The vote by Democratic Party of Japan (DPJ) lawmakers will decide who will take over from outgoing Prime Minister Naoto Kan as the nation's sixth leader in five years.
Whoever wins will have to cope with a resurgent yen that threatens exports, forge a new energy policy while ending the worst nuclear crisis since Chernobyl, and find funds to rebuild from the devastating March 11 tsunami at a time when ballooning public debt has already triggered a credit downgrade.
Financial markets, political commentators and the Japanese public are sceptical whether the new leader will have the vision, determination and time to tackle those challenges.
"There can be no time out for political decision making on economic, fiscal and diplomatic environment and policy issues surrounding Japan," Kaieda told the lawmakers before the vote.
"In addition to the disaster, Japan's economy is in a critical situation with the current sudden rise in the yen as well as the hollowing out of industries."
Rival Noda, 54, considered a fiscal conservative, said: "Let's do the utmost to tackle what we have promised and if there's not enough money, we might ask the people to share the burden" -- a reference to future tax hikes.
Government bond futures nudged higher after Noda made into the second round.
Like Kan, the new leader faces a divided parliament and internal party rifts, raising concerns that he will join a gallery of short-lived prime ministers.
No Japanese prime minister has lasted much more than a year since 2006 and most market players polled by Reuters this month thought the next government head will be no exception.
OPPOSITION STRATEGY
Kaieda, 62, who also held the energy portfolio, clashed with Kan over whether and when to restart nuclear reactors shut for checks, and burst into tears before TV cameras when he was grilled in parliament about the dispute.
In a rare moment of levity ahead of the vote, the jowly-faced Noda compared himself to a "dojo" loach fish - an eel-like denizen of the deep.
"I do look like this and if I become prime minister, the support rate would not rise, so I would not call a snap election. A loach has its own abilities even though it cannot do as a goldfish does."
Kaieda has said Japan should not build new reactors, effectively phasing out nuclear power over 40 years.
His win could unsettle bond investors worried about Japan's bulging debt, already twice the size of its $5 trillion (3.05 trillion pound) economy, given his reluctance to endorse tax hikes to finance the bulk of $250 billion reconstruction from the March tsunami. Moody's Investors Service cut Japan's sovereign credit rating last week citing a buildup of public debt and a lack of leadership and a long-term strategy to cope with its fiscal challenges.

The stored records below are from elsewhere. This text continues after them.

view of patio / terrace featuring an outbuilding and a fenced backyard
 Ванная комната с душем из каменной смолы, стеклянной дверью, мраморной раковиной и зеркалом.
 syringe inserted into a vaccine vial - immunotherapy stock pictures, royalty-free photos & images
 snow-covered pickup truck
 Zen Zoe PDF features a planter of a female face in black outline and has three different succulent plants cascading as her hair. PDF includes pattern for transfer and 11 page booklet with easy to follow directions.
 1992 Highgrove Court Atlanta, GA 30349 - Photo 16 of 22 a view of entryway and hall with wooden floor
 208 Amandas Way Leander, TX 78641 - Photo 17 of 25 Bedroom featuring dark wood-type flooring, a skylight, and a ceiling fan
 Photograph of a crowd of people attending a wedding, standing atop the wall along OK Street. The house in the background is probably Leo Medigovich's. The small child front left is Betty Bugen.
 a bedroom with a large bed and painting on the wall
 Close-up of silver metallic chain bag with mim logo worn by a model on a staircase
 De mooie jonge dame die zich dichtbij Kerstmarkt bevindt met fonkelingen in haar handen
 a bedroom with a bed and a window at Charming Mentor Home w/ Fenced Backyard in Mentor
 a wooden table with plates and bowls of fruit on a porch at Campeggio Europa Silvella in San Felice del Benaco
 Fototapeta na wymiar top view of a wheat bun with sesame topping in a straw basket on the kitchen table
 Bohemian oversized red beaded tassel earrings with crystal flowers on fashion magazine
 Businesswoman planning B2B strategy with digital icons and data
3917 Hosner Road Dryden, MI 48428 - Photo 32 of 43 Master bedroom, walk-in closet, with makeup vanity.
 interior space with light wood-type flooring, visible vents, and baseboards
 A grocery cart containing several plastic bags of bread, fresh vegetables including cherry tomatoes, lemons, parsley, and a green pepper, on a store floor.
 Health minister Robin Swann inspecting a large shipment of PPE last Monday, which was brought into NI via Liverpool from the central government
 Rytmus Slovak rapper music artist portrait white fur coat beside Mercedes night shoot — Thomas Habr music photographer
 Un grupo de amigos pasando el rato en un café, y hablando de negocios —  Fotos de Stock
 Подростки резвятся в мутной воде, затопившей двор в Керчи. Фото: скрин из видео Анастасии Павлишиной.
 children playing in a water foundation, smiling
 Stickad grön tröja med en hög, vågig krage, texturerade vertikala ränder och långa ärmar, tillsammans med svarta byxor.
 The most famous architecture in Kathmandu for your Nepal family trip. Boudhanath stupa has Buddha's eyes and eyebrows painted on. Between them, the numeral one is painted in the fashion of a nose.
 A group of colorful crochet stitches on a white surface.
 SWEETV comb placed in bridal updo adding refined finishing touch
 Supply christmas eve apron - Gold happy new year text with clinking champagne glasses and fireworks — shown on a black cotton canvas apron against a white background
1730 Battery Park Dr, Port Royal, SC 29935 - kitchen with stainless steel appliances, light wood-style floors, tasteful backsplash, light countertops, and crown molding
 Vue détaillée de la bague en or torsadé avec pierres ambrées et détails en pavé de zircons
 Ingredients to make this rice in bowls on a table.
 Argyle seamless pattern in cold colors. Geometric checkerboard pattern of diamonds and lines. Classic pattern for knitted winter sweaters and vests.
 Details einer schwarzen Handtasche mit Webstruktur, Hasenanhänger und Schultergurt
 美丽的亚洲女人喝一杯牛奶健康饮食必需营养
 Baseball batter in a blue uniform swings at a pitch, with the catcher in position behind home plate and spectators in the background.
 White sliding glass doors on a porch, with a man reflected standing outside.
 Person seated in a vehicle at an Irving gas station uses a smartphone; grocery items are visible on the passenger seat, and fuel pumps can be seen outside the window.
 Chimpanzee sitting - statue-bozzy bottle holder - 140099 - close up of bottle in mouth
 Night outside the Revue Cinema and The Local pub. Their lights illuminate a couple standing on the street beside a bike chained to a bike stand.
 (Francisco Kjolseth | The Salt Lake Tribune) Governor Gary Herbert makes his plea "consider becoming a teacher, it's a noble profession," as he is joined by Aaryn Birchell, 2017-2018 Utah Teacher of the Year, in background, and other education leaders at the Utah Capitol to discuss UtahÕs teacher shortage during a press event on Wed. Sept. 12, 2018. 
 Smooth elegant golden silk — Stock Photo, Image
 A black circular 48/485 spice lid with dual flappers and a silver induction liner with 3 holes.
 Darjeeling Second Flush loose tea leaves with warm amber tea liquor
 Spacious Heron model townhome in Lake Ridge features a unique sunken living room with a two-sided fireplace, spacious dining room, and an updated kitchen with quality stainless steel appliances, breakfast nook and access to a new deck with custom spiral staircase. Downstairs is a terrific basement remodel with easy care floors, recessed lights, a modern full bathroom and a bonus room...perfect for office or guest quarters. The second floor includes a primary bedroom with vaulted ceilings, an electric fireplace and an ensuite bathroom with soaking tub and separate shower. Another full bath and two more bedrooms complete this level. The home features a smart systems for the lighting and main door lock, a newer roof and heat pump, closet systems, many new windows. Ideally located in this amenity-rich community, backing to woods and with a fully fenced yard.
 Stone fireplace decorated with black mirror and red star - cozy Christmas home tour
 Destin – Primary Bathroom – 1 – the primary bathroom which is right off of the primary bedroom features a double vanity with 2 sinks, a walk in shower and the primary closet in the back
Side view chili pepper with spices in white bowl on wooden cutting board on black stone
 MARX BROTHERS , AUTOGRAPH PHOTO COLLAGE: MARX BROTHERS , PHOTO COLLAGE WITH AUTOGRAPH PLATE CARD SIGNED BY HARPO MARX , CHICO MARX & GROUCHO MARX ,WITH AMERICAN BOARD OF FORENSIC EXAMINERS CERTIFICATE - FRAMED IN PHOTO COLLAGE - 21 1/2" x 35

Despite differences over policies such as whether to raise taxes to pay for rebuilding, plans for nuclear energy and how to secure opposition cooperation, none of the five candidates has presented a detailed vision of how to end Japan's decades of stagnation and revitalise the world's third-biggest economy.
Instead, the leadership contest has become a battle between allies and critics of Ichiro Ozawa, a 69-year-old political mastermind who heads the party's biggest group even as he faces trial on charges of misreporting political donations.
Kaieda is backed by Ozawa, Noda is supported by his critics.
One of the new leader's first challenges will be seeking opposition help in parliament, where the opposition controls the upper house and can block legislation. Noda has floated the idea of a "grand coalition" with opposition rivals -- although the two biggest opposition groups have been cool.
Kaieda says he's not keen on that strategy.